**TASK GOAL:** Each line below is to be repeated exactly; any picture is to be left out.

**SUPPLIED RECORDS:**
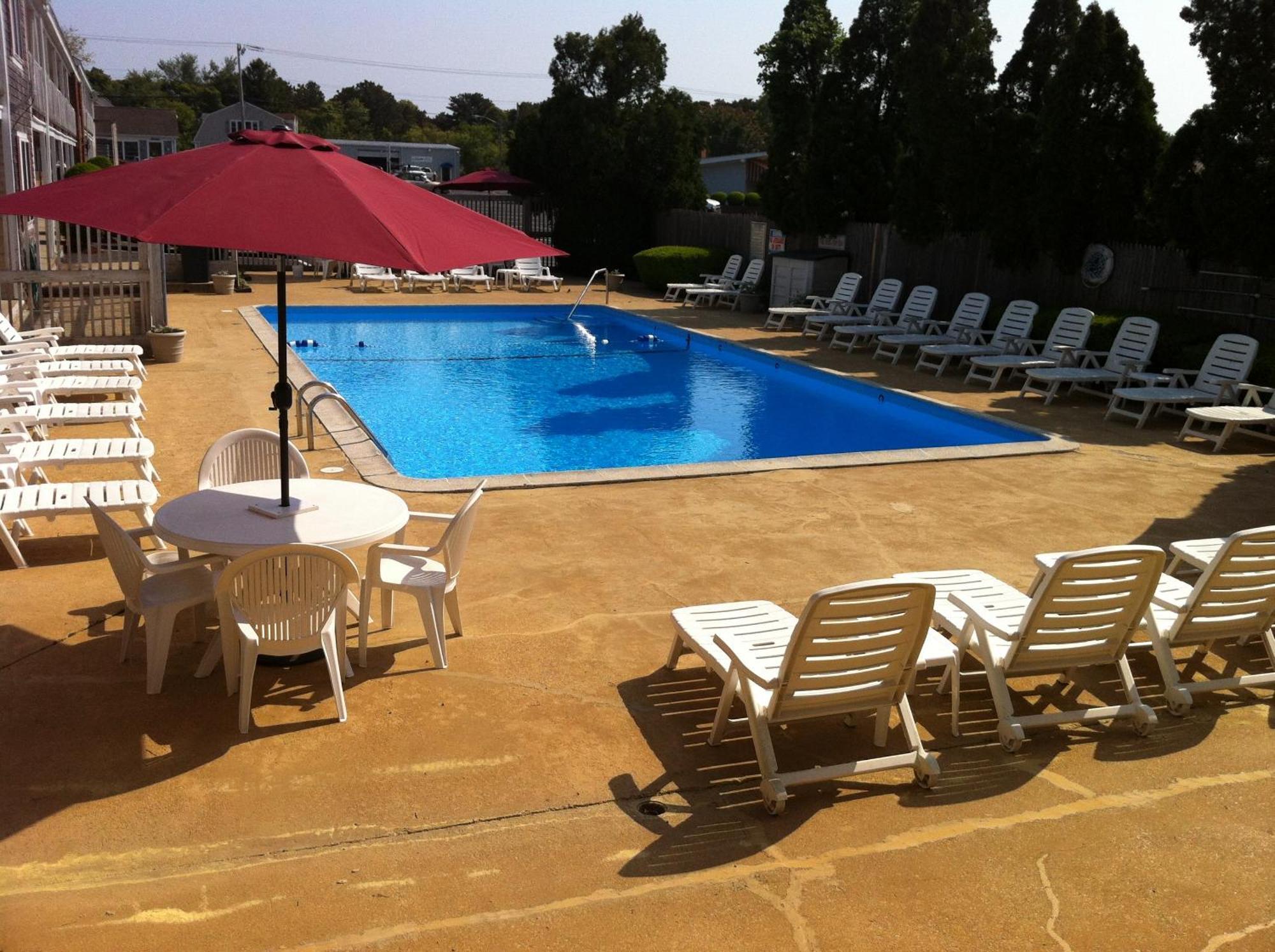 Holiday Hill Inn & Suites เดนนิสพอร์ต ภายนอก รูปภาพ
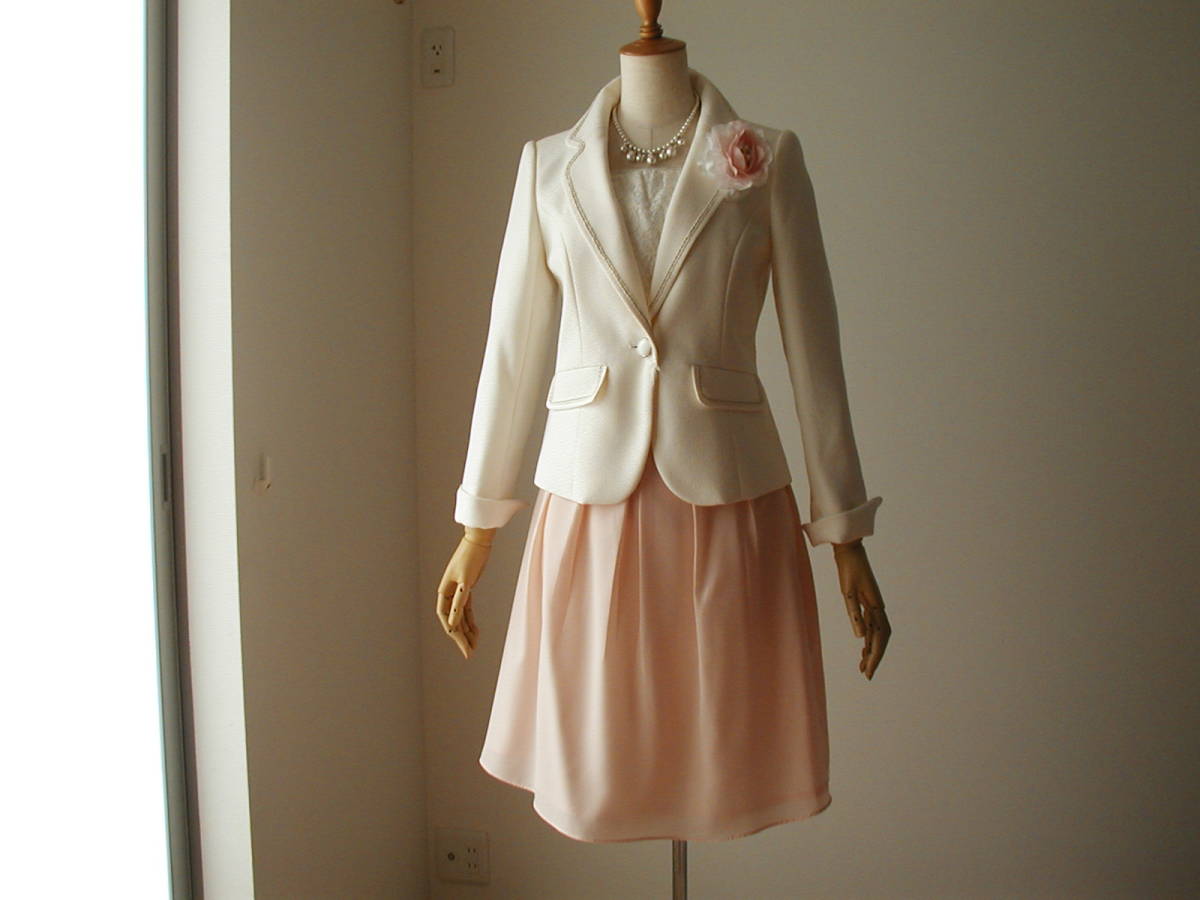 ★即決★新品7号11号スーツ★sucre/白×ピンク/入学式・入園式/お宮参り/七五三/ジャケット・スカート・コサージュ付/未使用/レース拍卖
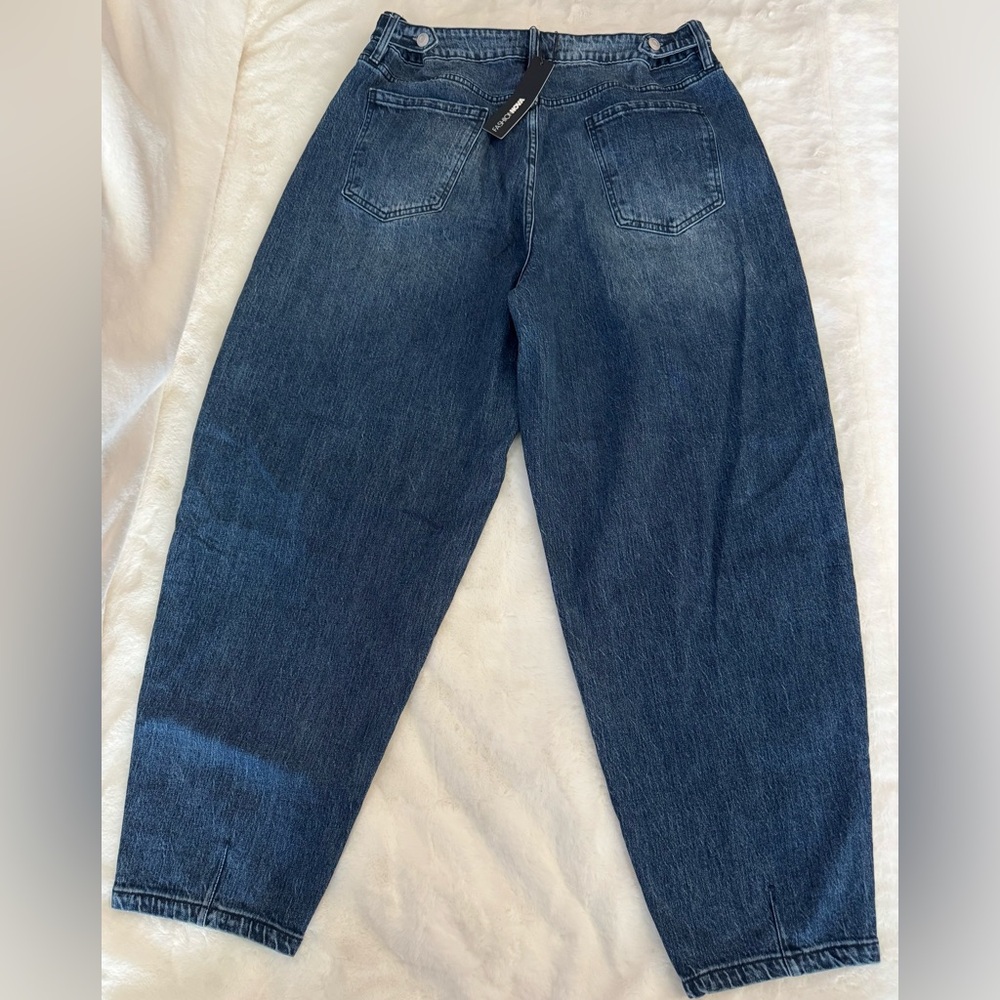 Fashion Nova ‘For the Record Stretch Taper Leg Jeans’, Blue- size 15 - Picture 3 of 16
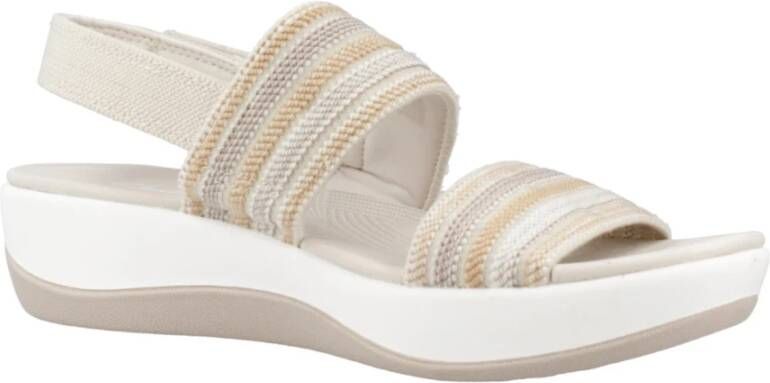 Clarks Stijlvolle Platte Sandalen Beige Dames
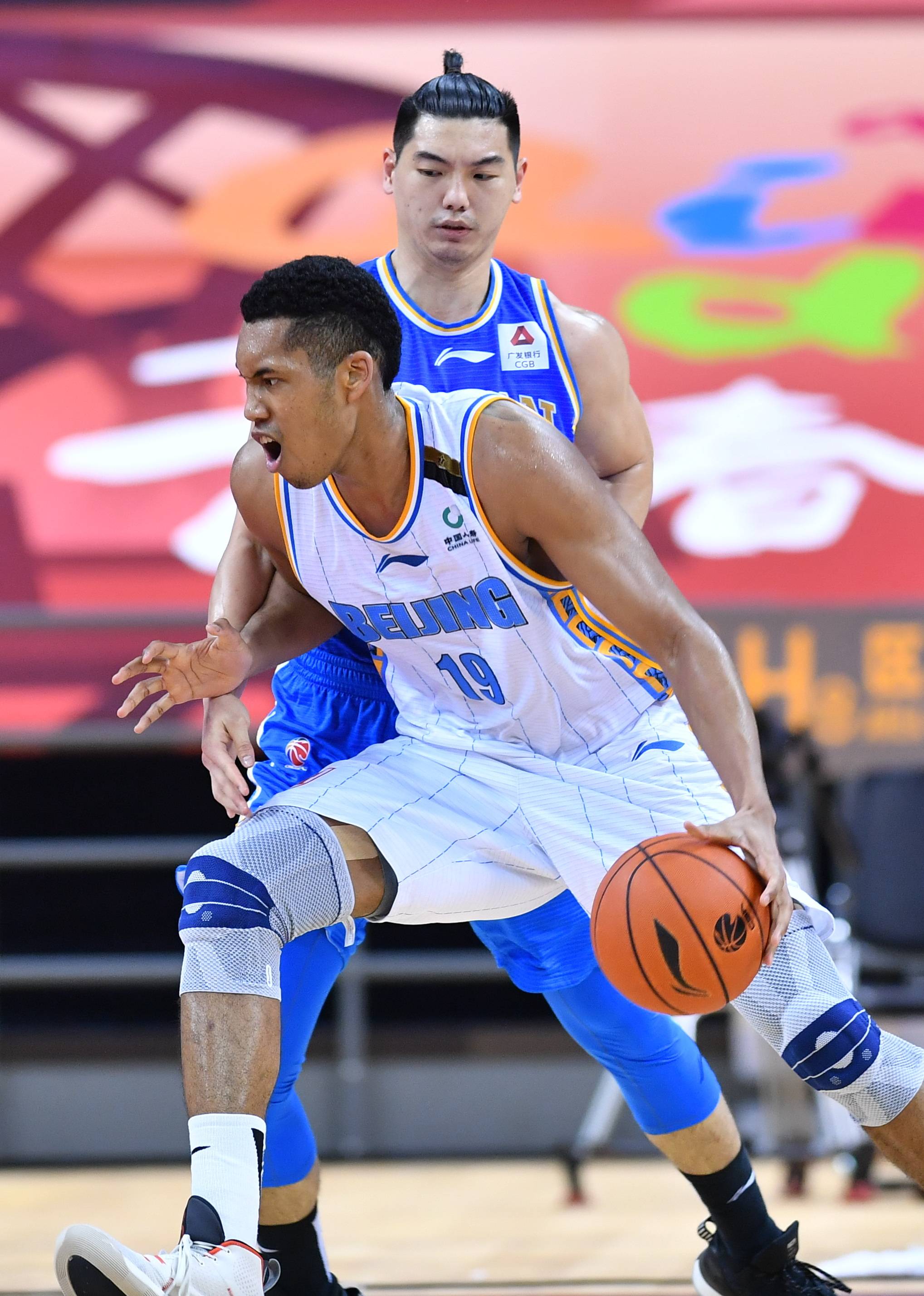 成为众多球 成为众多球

**WRITTEN SOLUTION:**
 Holiday Hill Inn & Suites เดนนิสพอร์ต ภายนอก รูปภาพ
 ★即決★新品7号11号スーツ★sucre/白×ピンク/入学式・入園式/お宮参り/七五三/ジャケット・スカート・コサージュ付/未使用/レース拍卖
 Fashion Nova ‘For the Record Stretch Taper Leg Jeans’, Blue- size 15 - Picture 3 of 16
 Clarks Stijlvolle Platte Sandalen Beige Dames
 成为众多球 成为众多球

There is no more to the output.